Народный поэт и романист Герард Реве родился в 1923 году в Амстердаме, в русско-балтийской семье. Во время войны вся семья отличилась активным участием в деятельности подпольного движения сопротивления немецким захватчикам и после Освобождения получила нидерландское гражданство.

По семейной традиции Герарду Реве предстояло начать военную карьеру, и в 1946 году в звании офицера он отбывает в Нидерландскую Ост-Индию для борьбы с красными партизанскими бандами, которые грабили и убивали всех подряд. Его мужественное участие в боевых действиях два раза отмечается главнокомандующим в приказе по войскам.

Несмотря на самоотверженную храбрость, его постепенно наполняет отвращение к военным делам. Его, в основном, беспокоит тяжелая судьба индонезийских военнопленных, причем к одному из них — молодому яванскому принцу — он начинает чувствовать скорее судьбоносную, чем каждодневную симпатию. Ослепленный этой любовью, он втайне дарует молодому аристократу свободу, но когда яванский принц возвращается в индонезийский лагерь, его подозревают в предательстве и вынуждают покончить с собой. Реве, который между тем был повышен в звании до лейтенанта, пробирается через вражеские позиции, чтобы отдать смуглому другу последние почести и доказать враждебно настроенным придворным его невиновность. По возвращении в нидерландский лагерь Герарда Реве в свою очередь обвиняют в предательстве и приговаривают к семи годам заключения в крепости.

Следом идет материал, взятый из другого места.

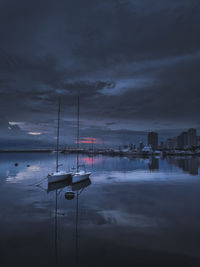 Boats in sea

Как раз в заключении он пишет свою первую книгу «Вечера», и ему удается, прихватив манускрипт, сбежать за границу и найти надежное пристанище в Аббатстве Горестных Братьев в Л., где его бывший товарищ по оружию стал настоятелем. Манускрипт «Вечеров» публикуется в Нидерландах и вызывает бурю негодования и протеста.

В 1950 году Верховная Власть дарует ему помилование; он может вернуться в Отечество, но выбирает многолетние скитания и изгнание в иных землях и среди чужих людей. Ночью он пишет, днем, для того, чтобы прокормить себя, работает то рабочим в порту, то дровосеком, то дальнобойщиком, то каменщиком.

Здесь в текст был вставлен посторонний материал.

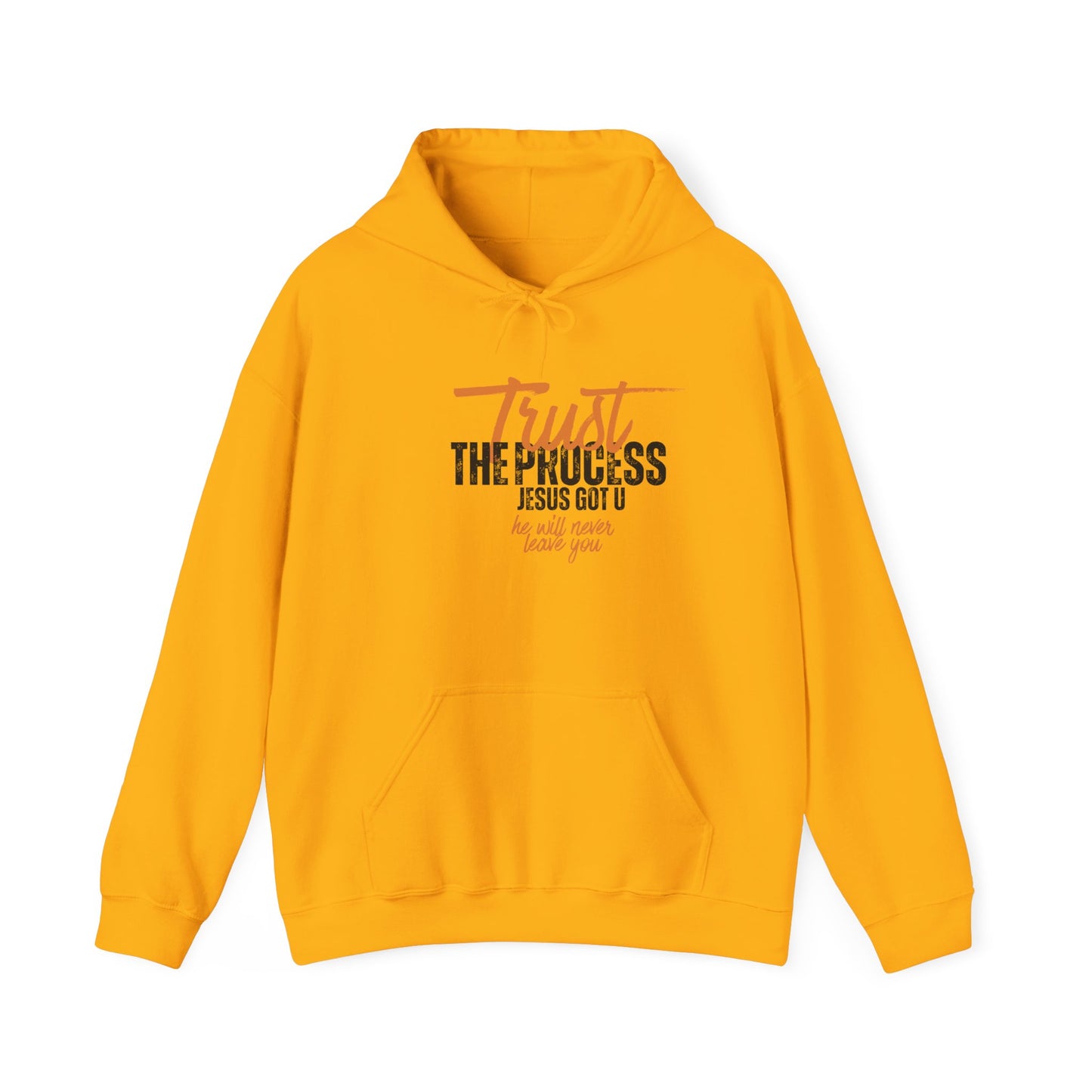 Inspirational Unisex Hoodie - 'Trust the Process' Jesus Quote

Впервые он возвращается в Нидерланды через 12 лет странствий и после настойчивых уговоров Почтенной Персоны, которая нешуточно заинтересовалась его работами. В 1966 году из-за выхода в свет любовного романа «Ближе к Тебе», который был назван развращающим, бесстыдным и подрывающим моральные устои, против писателя был начат процесс, где его обвиняли в Богохульстве; впрочем, после нелегкой защиты оправдали. В том же году, отправившись в паломничество в Лурд, он частично излечивается от двух тяжелых болезней: алкоголизма и наследственной меланхолии, после чего, хотя и критикует определенные действия римских чиновников, все же вступает в лоно Римско-католической церкви. Через девять лет он собирается покинуть церковь, но соглашается на уговоры папского нунция не совершать решительных действий; более того, ему предлагают написать на имя Папы секретный рапорт с изложением своей критики действий Церкви.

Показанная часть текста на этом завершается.